Jools Walker: There's some quite interesting technical information on here. So, we've got details about the primary soils, the barrel regime — Barrel regime: 16 months in French oak. The flavour notes: Rose petal, black cherry
Scott Bentley: Can I get you to read out what it says under primary soils?
Jools Walker: Marine devised sediments confer complexity and vibrancy.
Scott Bentley: I'm laughing at this, but the reality is there are many things from the wine world which have been kind of borrowed by the coffee world to try and increase the value and the price of the coffee.
Jools Walker: Have we got some other examples of that happening?
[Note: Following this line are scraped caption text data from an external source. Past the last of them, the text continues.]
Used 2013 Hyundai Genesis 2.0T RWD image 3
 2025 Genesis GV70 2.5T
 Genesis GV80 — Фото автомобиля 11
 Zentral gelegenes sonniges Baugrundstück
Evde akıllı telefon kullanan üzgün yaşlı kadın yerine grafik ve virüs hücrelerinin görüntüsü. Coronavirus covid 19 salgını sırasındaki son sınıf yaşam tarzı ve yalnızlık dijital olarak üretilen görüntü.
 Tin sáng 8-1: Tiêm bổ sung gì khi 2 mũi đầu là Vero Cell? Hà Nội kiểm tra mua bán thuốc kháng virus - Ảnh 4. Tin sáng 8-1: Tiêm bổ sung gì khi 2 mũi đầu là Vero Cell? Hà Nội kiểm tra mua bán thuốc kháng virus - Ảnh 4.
Scott Bentley: Yeah, I mean, absolutely. You can look at things like the coffee tasting wheel, the notion of things like terroir. And then of course you've got the more recent things, like, you know, processing. You know, that's the stage between, you've got the red cherry and you’re getting the green bean out of it. I mean, these processing methods that have been borrowed from the world of wine, they can produce some really interesting coffee flavours.
Now look, many processing techniques have been borrowed from the world of wine. You've got things like anaerobic fermentation and carbonic maceration. And people in the coffee world, you know, they're asking themselves again and again, what's the next logical phase? Where can we go next? Maybe we could do things like biodynamic coffee, or I don’t know, skin-contact coffee? I mean, we can do this stuff.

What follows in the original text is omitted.